Marriage, in the context of Jewish law, is a practical agreement by which, at its most basic, a woman is guaranteed support and protection, and a man has the prospect of progeny to carry on his family line. The knowledge of a child’s paternity, assumed guaranteed by the sanctity of marriage, was significant for both keeping the inherited land in the family and, more widely, maintaining the tribal holdings in the era before the exile of the ten northern tribes.
The issues of tribal identity and land ownership is paternal (whereas Jewish heritage is matrilineal), thus, the practical necessity of the prohibition against adultery. But those represent only one aspect of the consequences of infidelity. The act of marrying, whether for business-like reasons or for love, fosters the creation of a sacred trust, and adultery betrays that trust.
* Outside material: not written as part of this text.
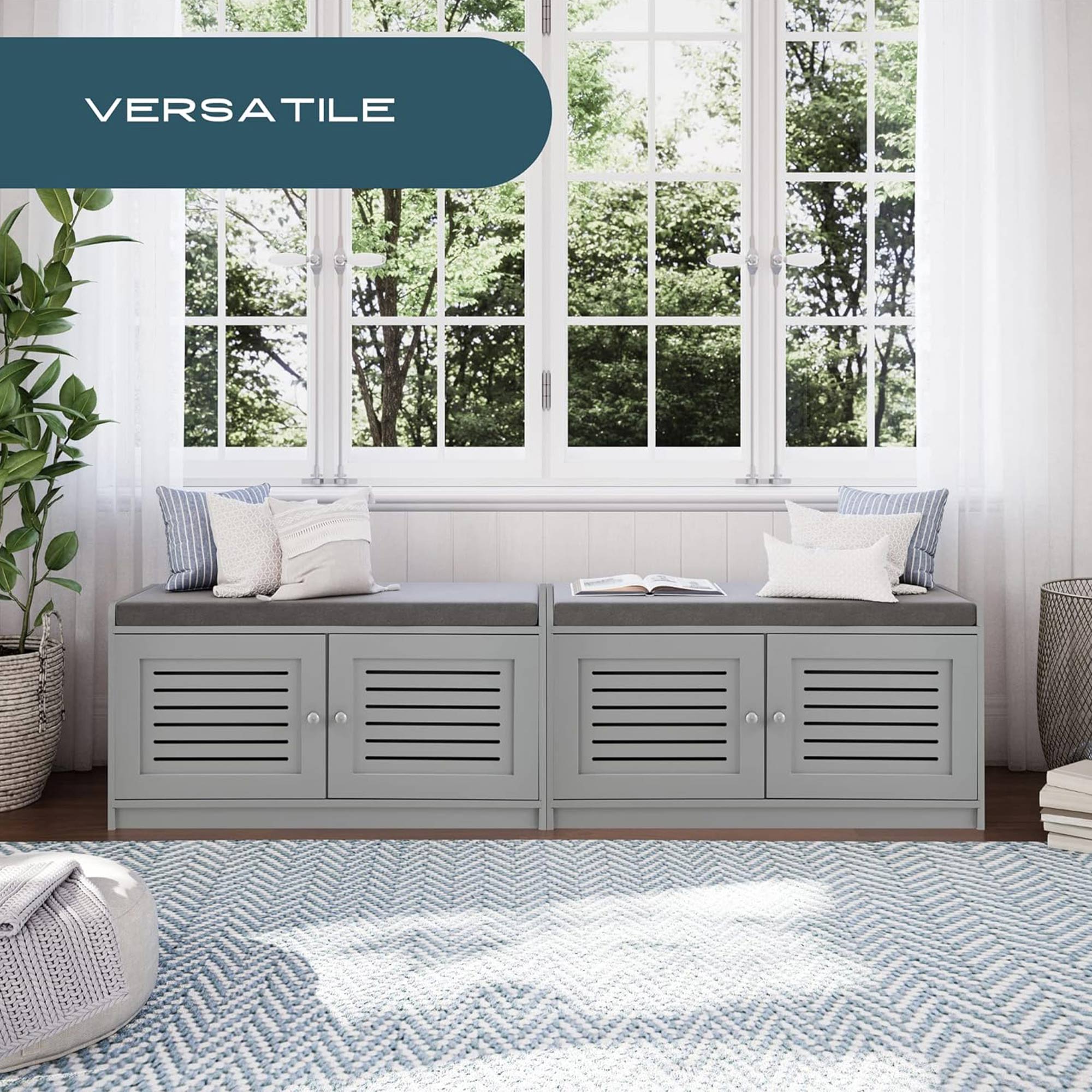 Sturdis Shoe Storage Cushioned Seat Bench with Adjustable Shelves, 2 Pack, Gray - VMInnovations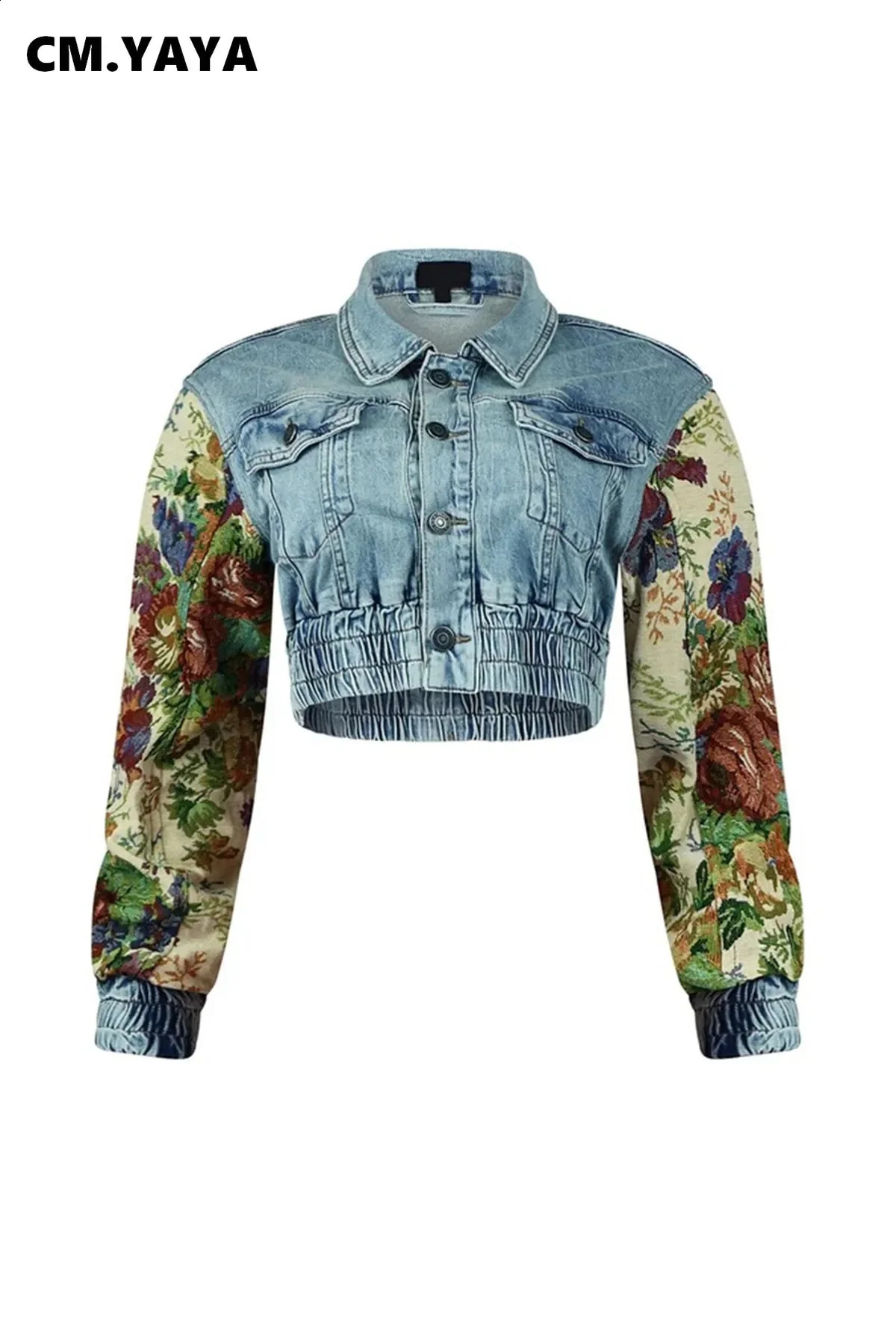 CMYAYA Denim Womens Set Floral Patchwork Full Sleeve Button Fly Jacket and Ripped Jeans Pants Suit Two 2 Piece Outfit 241105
Thus, when it is discovered or admitted that a married woman had relations with a man other than her husband, it is regarded in Jewish law as a capital crime.
But what happens when a man grows jealous of his wife and believes, whether true or not, that his wife had been unfaithful? What happens if he warns her not to be seen alone with the man of whom he is jealous, but she is witnessed in seclusion with him anyway? This is the specific situation for the “ordeal of the bitter waters” described in the fifth chapter of the Book of Numbers. The ritual, which could only take place in the time of the Tabernacle or the Temple, is extremely complex, and today’s Treat will not go into its details, about which much commentary has been written. The results of a guilty woman drinking the bitter water was the enigmatic consequence that her “belly will swell and [her] thigh waste away” (5:27). However, if she was innocent, she would be unaffected.
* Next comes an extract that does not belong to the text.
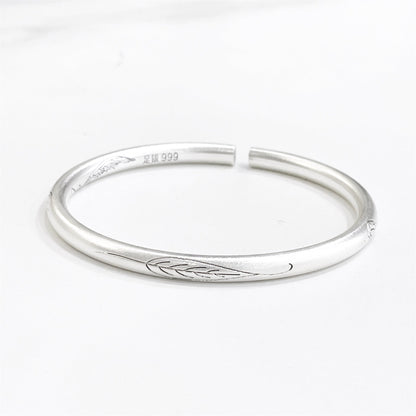 Chinese style bamboo leaf sterling silver bracelet - jewelry - weilin.com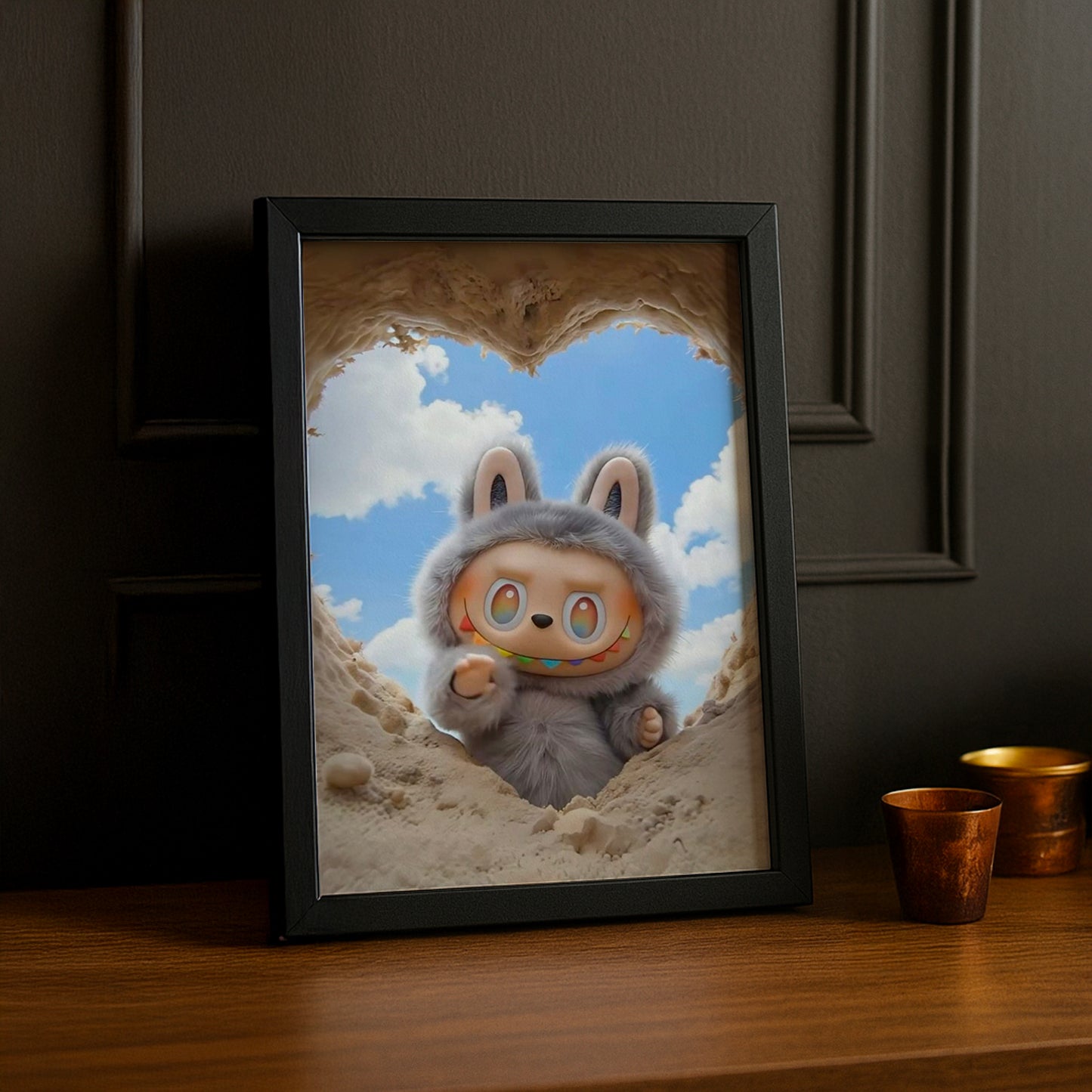 Poster Labubu - Coeur de sable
At the heart of the concept of Sotah (the term for the suspected wife), that is related in this week’s Torah portion, Naso, is the poisoned relationship of this husband and wife. He is jealous, but she is also not guiltless. She acted in a way that promoted his jealousy (secluding herself with another man despite being warned not to). When reading the verses of the Sotah, or hearing reference to it, think not of fairness and accusations, but of how very difficult a relationship had become for the husband, because of the valid suspicions, to the point that he would be willing to call out his wife for a public ordeal with the accusation of adultery. The alternate purpose of the Sotah ritual is to try to save the marriage by proving the wife’s innocence through a Divine test.